→ Instructions to follow
From the data that follows, set down exactly the lines from the one with "Usado Dacia Sandero" through the one with "Closeup shot wheels", counting both. Pictures stay out.

→ Exercise data
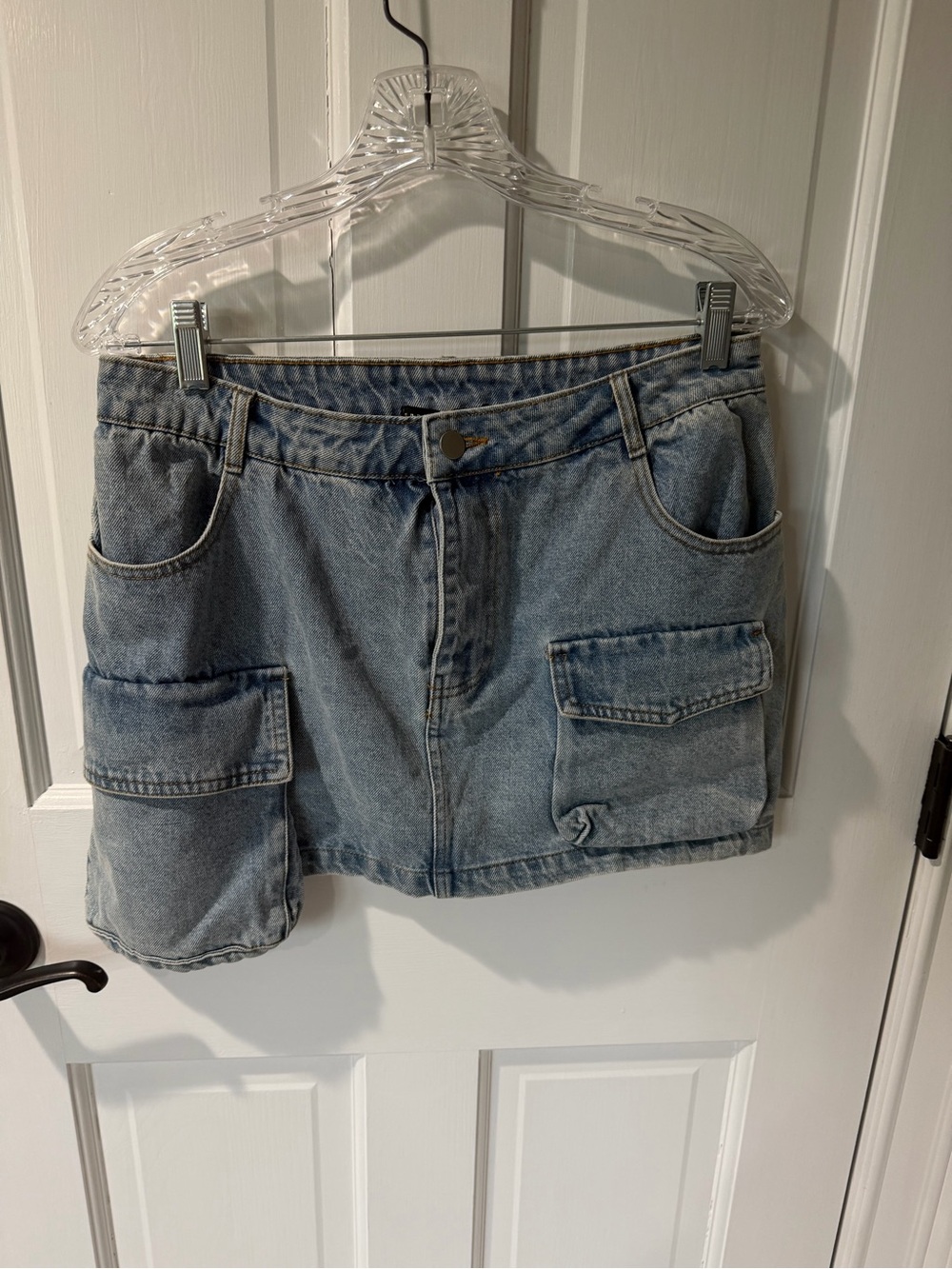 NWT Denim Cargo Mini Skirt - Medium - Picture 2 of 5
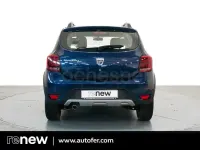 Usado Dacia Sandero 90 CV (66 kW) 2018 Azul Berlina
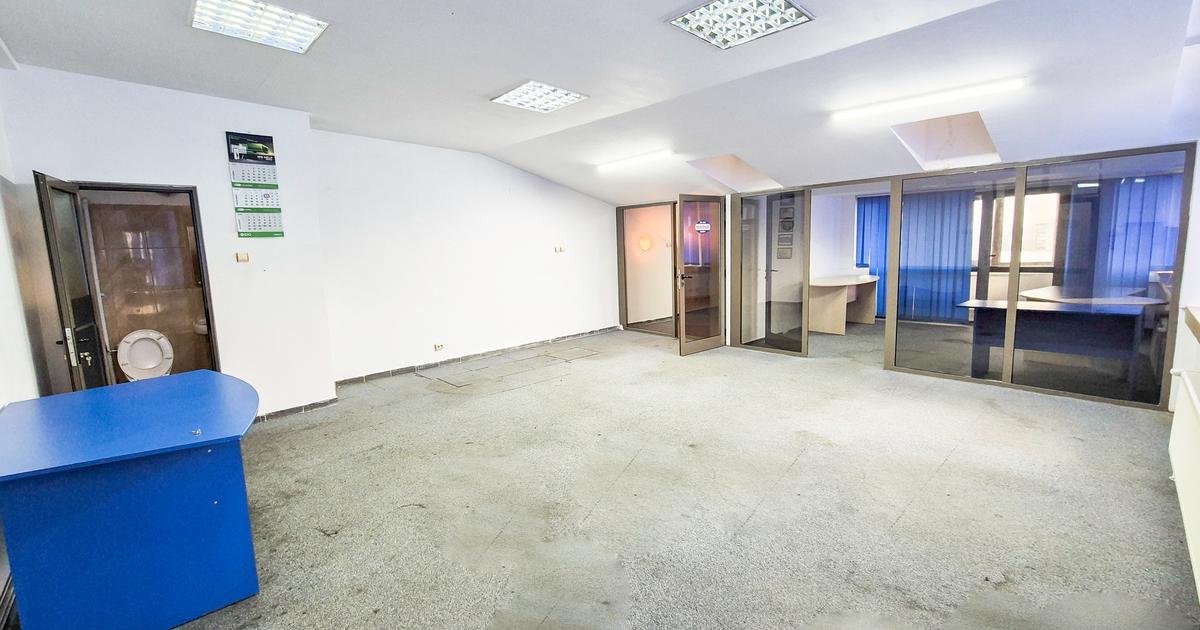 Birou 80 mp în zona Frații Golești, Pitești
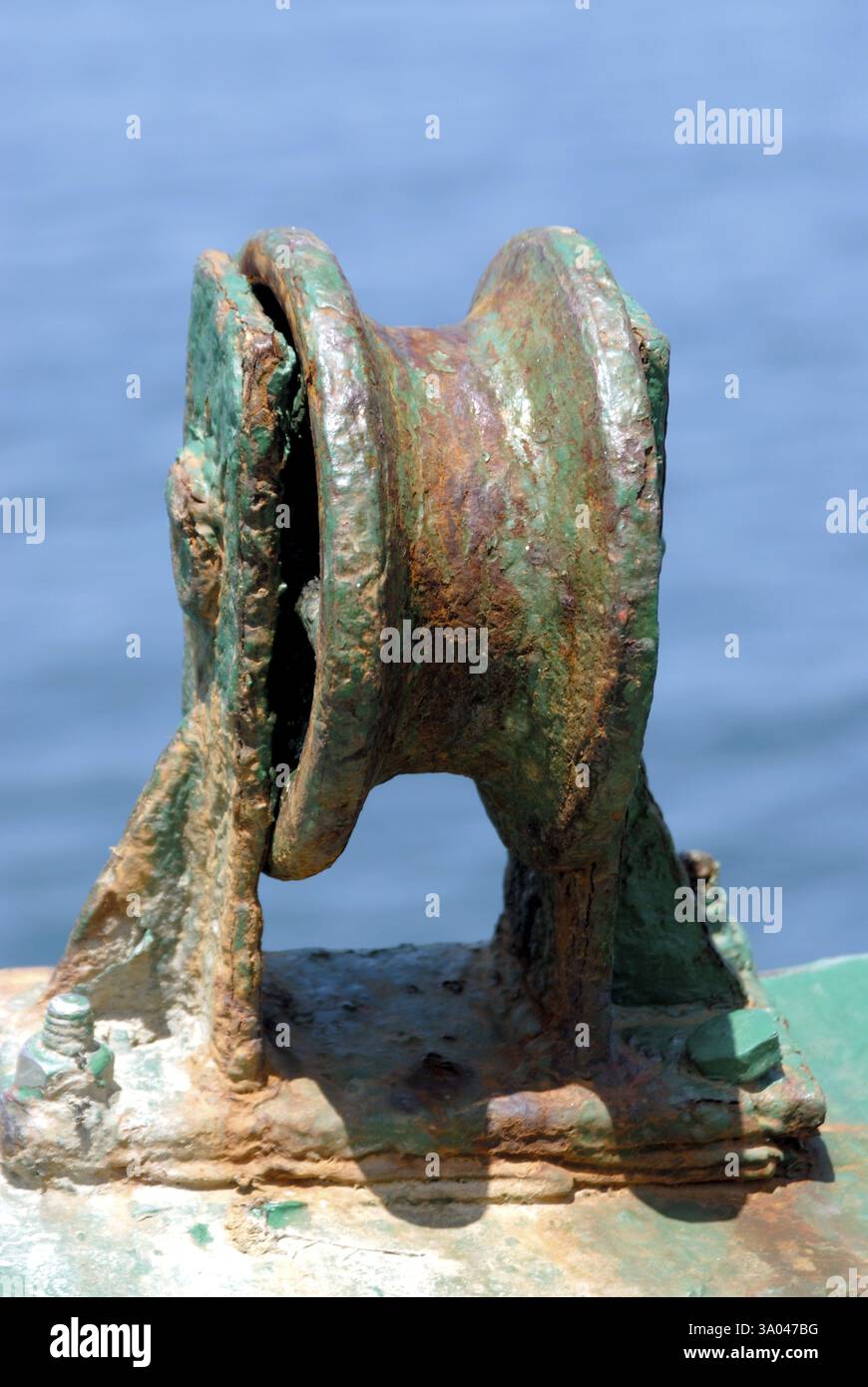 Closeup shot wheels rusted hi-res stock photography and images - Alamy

* * *

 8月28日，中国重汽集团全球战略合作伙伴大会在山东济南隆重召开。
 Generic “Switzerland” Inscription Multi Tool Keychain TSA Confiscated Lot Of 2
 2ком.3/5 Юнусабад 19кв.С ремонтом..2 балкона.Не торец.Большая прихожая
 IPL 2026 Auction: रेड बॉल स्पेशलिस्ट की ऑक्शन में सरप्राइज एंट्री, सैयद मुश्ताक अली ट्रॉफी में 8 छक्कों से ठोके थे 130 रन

--

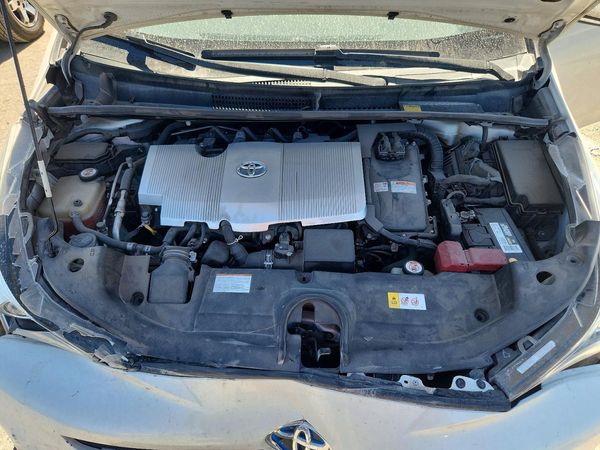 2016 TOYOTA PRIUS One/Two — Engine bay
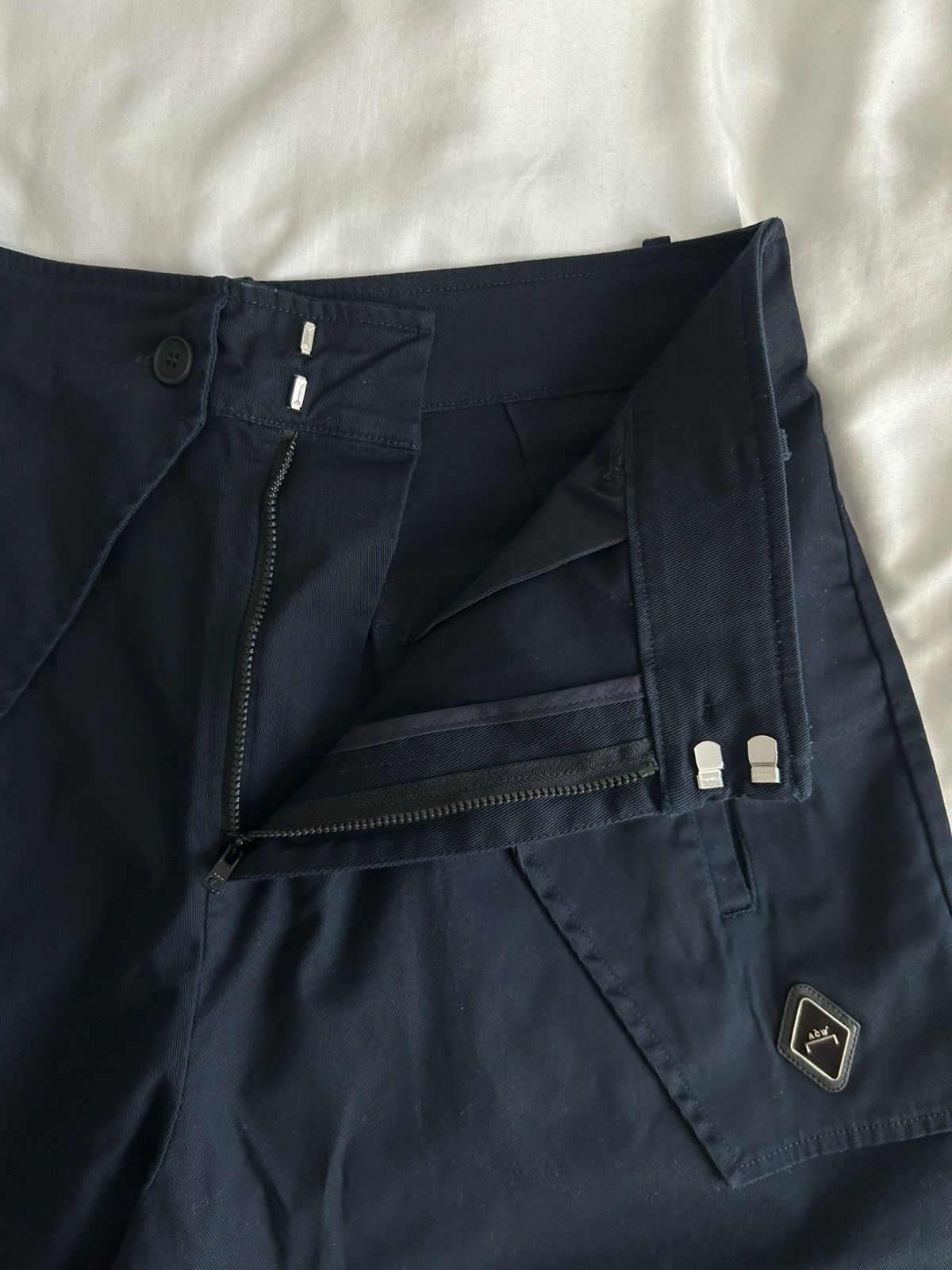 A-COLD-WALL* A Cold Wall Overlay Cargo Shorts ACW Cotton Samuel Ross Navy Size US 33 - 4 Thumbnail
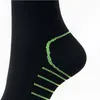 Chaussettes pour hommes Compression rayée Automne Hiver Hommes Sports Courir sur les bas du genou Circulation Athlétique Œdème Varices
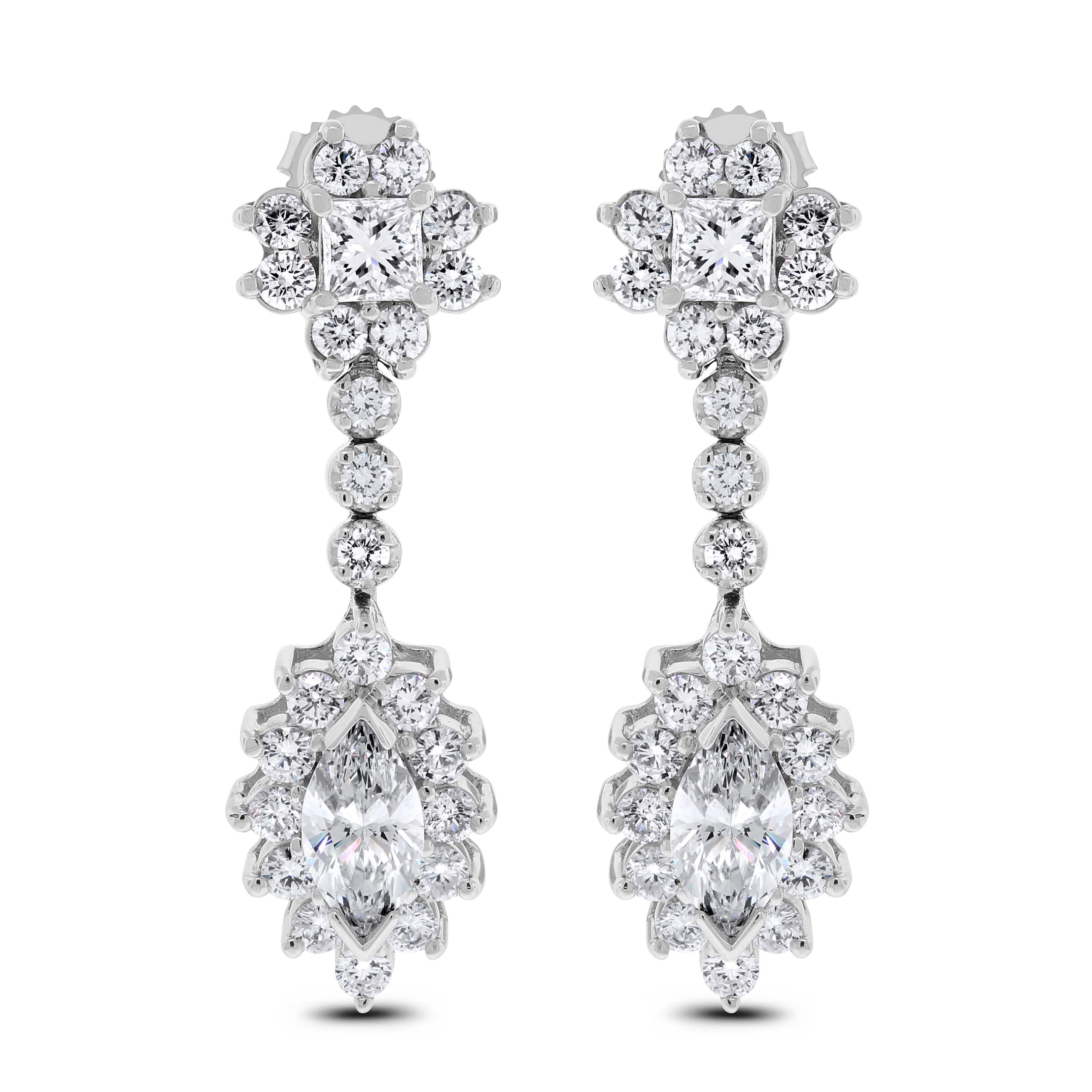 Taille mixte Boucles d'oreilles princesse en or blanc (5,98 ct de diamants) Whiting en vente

→ Reply to the task
 Usado Dacia Sandero 90 CV (66 kW) 2018 Azul Berlina
 Birou 80 mp în zona Frații Golești, Pitești
 Closeup shot wheels rusted hi-res stock photography and images - Alamy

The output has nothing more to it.